- Origlass in 1945
- Born: 13 January 1908 Woodstock, Queensland, Australia
- Died: 17 May 1996 (aged 88) Balmain, Sydney
- Occupation: politician
- Political party: Balmain-Leichhardt Labor Party

= Nick Origlass =

Politician in New South Wales, Australia

Nick Origlass (13 January 1908 – 17 May 1996) was an Australian Trotskyist who served as mayor of Leichhardt in Sydney.

==Early life==
In 1932, Origlass joined the Communist Party of Australia (CPA), which was then aligned with Stalin's USSR. Expelled soon after, he became involved in the Trotskyist movement. He joined the Workers Party in 1934 and by 1937 was its leading figure. The Workers Party merged into the Communist League of Australia in 1938.

==Career==
In 1940, Origlass started working at Mort's Dock in Sydney's Balmain shipyards. He was elected as a shop steward with the Federated Ironworkers Association of Australia. Together with fellow Trotskyists Laurie Short and Jim McClelland, he battled with the CPA-dominated leadership of the union. After Hitler's invasion of the USSR in 1941, the CPA supported the Australian war effort, but the Trotskyists did not. In 1941, the Communist League was banned by the Australian government because of its anti-war stance. In 1942, Origlass started publishing a newspaper called The Socialist to propagandise for Trotskyism.

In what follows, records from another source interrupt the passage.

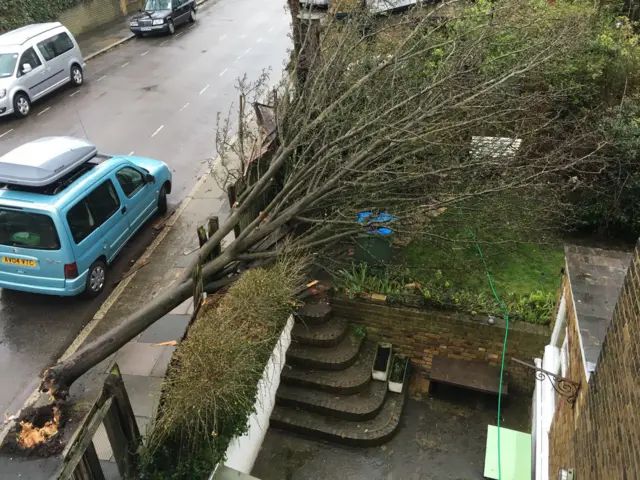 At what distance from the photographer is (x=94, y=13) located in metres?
23.1

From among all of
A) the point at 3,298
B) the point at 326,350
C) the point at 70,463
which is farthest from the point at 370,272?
the point at 3,298

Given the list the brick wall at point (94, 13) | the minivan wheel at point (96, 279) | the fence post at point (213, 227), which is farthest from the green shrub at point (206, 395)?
the brick wall at point (94, 13)

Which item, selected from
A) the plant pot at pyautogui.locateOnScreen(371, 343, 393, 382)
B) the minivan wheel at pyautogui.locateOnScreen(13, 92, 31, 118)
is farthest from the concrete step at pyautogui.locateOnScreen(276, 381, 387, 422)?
the minivan wheel at pyautogui.locateOnScreen(13, 92, 31, 118)

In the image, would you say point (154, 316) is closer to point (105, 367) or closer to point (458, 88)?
point (105, 367)

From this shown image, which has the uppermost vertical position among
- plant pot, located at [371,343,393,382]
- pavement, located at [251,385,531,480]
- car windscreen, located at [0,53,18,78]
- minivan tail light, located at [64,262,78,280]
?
car windscreen, located at [0,53,18,78]

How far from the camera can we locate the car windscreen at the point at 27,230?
7.75m

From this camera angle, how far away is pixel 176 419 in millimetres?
5133

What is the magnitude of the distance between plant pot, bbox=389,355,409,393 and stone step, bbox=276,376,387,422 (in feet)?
0.79

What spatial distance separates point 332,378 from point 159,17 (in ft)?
61.7

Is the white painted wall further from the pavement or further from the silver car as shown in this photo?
the silver car

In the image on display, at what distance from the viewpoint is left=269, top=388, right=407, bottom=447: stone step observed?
23.1ft

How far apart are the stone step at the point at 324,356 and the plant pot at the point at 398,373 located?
0.61 metres

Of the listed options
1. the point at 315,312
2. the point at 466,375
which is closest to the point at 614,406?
the point at 466,375

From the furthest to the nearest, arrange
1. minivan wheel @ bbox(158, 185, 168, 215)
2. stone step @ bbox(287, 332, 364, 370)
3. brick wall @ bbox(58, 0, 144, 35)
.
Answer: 1. brick wall @ bbox(58, 0, 144, 35)
2. minivan wheel @ bbox(158, 185, 168, 215)
3. stone step @ bbox(287, 332, 364, 370) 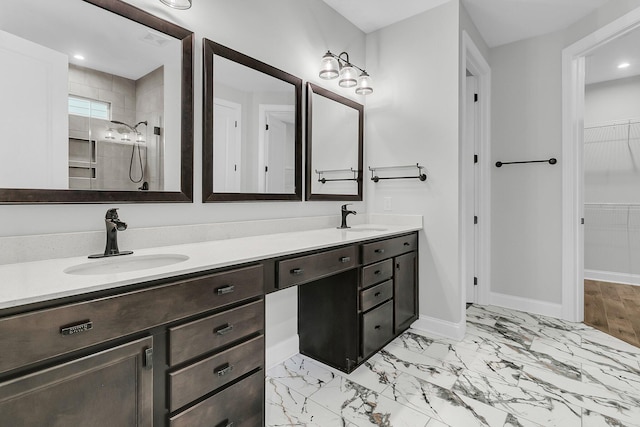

The struggle in the union culminated in 1945 when the leadership removed Origlass from his position as a shop steward. The Balmain waterfront responded by going on strike against the union, and Origlass was re-instated. Short and McClelland left the Trotskyist movement soon afterwards, becoming prominent figures in the Australian Labor Party (ALP). Short became national secretary of the union in 1951, defeating the CPA's Ernie Thornton after a bitter legal battle.

Meanwhile, Origlass formed the Labor Socialist Group to pursue an entrist strategy inside the ALP. In 1952, he ceased publication of The Socialist so he would be allowed to join the party. In 1958 he was elected to Leichhardt Council for the ALP. A decade later he was expelled from the ALP but re-elected to the council on an "Independent Labor" ticket. He served as mayor of Leichhardt Council in 1971–1972. In the 1989 in partnership with long time ally Issy Wyner, Origlass instituted the radical democratic system of Open Council where the public had agency to address Councilors directly during council meetings. When he retired from council in 1995, he had had only a four-year break in 1980–1984 in over 30 years as an alderman.

==Death==
Origlass suffered from cancer for a year before he died in Balmain on 17 May 1996. He was 88. He left his wife Joan and son, Peter.